Long did originally try to follow the same model as PI mutexes but found that the performance wasn't close to what he wanted, as too many unlock requests still went through the kernel. Futexes only need the kernel to be involved when there is contention; the kernel only gets involved when there is one lock owner and at least one lock waiter. Additionally, if there is only one waiter, when the owner releases the lock and that waiter becomes the owner, the kernel no longer needs to be involved. When that new owner drops the lock it should be able to complete without involving the kernel. With PI mutexes, the rt_mutex stays allocated until completely unlocked (i.e. until there are no more owners). This means that last unlock goes through the kernel. Long claims that this extra kernel involvement reduces throughput significantly.

Another benefit from maintaining control of the busy-waiting separately from the kernel mutex is that the benefits of lock stealing can be realized; this sacrifices some fairness for performance. There is a small window between the moment when the owning thread unlocks a futex and when the top waiter locks that futex. If another thread tries to claim the lock during that window it can successfully steal the lock. This is seen as a good thing, presumably because that new thread has its working set of memory in cache and will likely make progress quickly. Long's patches explicitly allow this stealing, but also put a limit on it. If the top waiter is woken up after sleeping and fails to get the lock, it sets a flag asking that the next time some thread unlocks the lock, that they perform a handoff instead and explicitly give the lock to that top waiter, thus avoiding further theft. Long provides numbers that seem to suggest that this improves throughput (the main goal) and also improves fairness.

Responses

The reception to the patch set so far has been cautious. The results appear encouraging, but there are some questions, including whether the code might be driven too much by that one benchmark. Two comments that reveal Thomas Gleixner's concerns are first:

I'm not really happy about these heuristics. The chosen value fits a particular machine and scenario. Now try to do the same on some slow ARM SoC and the 1024 loops are going to hurt badly.

and later:

So the benefit of these new fangled futexes is only there for extreme short critical sections and a gazillion of threads fighting for the same futex, right?
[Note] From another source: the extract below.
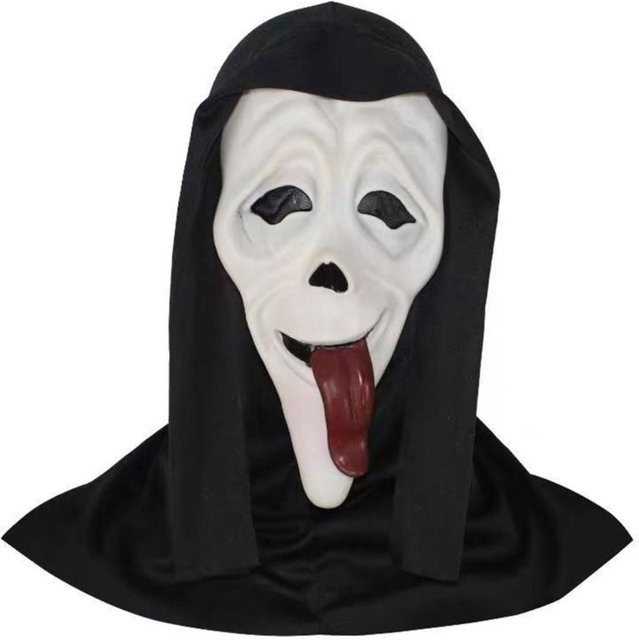 Schreiende Skelettmaske, Halloween Cosplay Requisiten, Weiß, Gummi - Bild 1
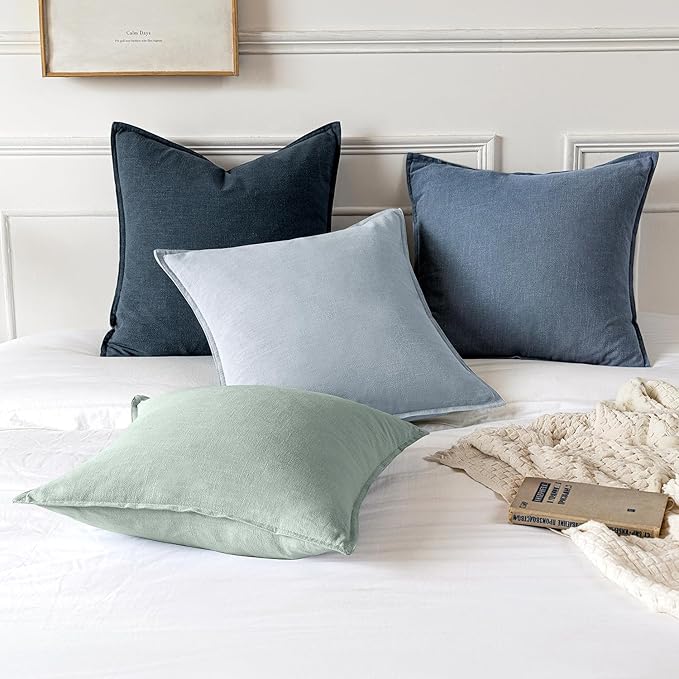 MIULEE Decorative Linen Euro Sham Pillow Covers 24x24 Inch Blue Ashes Boho - Image 6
I really wonder how the average programmer should pick the right flavour, not to talk about any useful decision for something like glibc to pick the proper one.

Given that adaptive spinning has made its way into the in-kernel mutexes, it would be surprising if a way cannot be found to make them work well for user space too. Of course, it would also be surprising if the first attempt at providing such a feature would have found the right balance between the various competing needs. We don't have efficient adaptive spinning for futexes yet, but if it really brings value, it shouldn't be too far away.
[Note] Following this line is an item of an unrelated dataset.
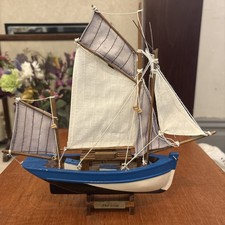 Vintage Replica Wooden Model Thonier Clipper Ship Sailing Fishing Boat VGC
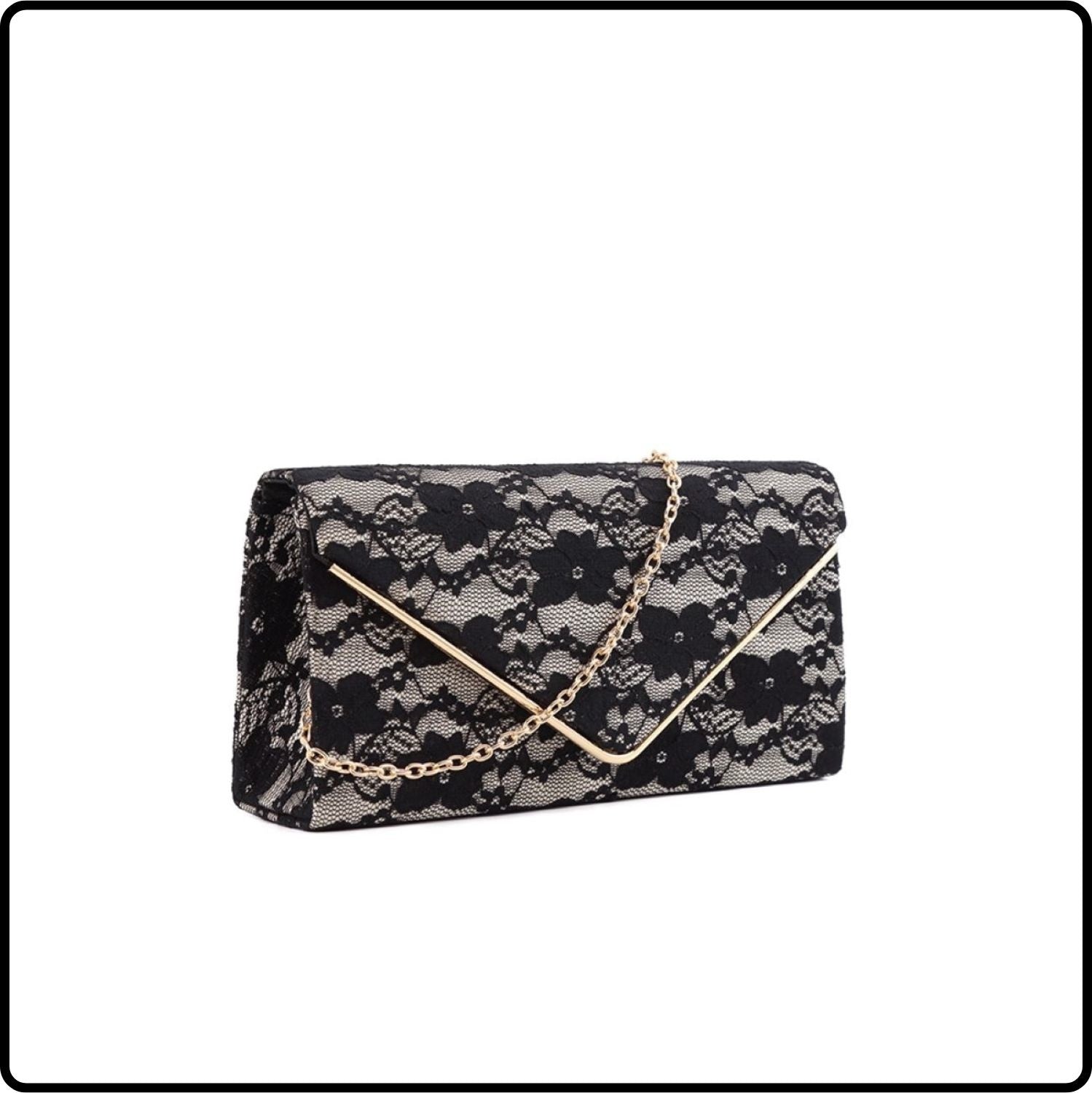 Janie Lace Envelope Clutch Bag/Black-Janie-Black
Index entries for this article
Kernel	Futex
GuestArticles	Brown, Neil

Adaptive mutexes in user space

Posted Nov 4, 2016 15:29 UTC (Fri) by mm7323 (subscriber, #87386) [Link]

> often, a simple, elegant, and general design doesn't work as well as an ugly hack

If we were still using green-threads in userspace, making the locks efficient wouldn't be such a problem as you could essentially control thread pre-emption and scheduling.
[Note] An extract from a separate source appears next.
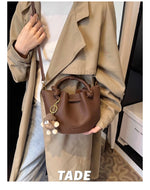 Bøtteveske Dame Rød | Crossbody Skulderveske Lett Luksus Brown without pendant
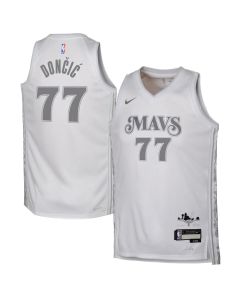 Youth Dallas Mavericks #77 Luka Doncic White 2024/25 Swingman City Edition Player Jersey (White)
Having pulled threading into the kernel (and do I think that is the right choice), it would seem to me that the synchronisation primitives should follow whole-heartedly. By that I'm thinking that the creation of locks (pthread_mutex_init + pthread_cond_init) as well as all the access and manipulations functions should end up in the vDSO and be fully controlled by kernel devs and enhanced as and when needed (and for each architecture), selectively making system calls when needed. That could also remove the legacy problem by pushing the kernel API right out something like the pthread API calls.

Now, should the kernel really be getting into all this level of userspace nitty gritty? It seems that decision was already made when threads were pulled in and the futex calls added.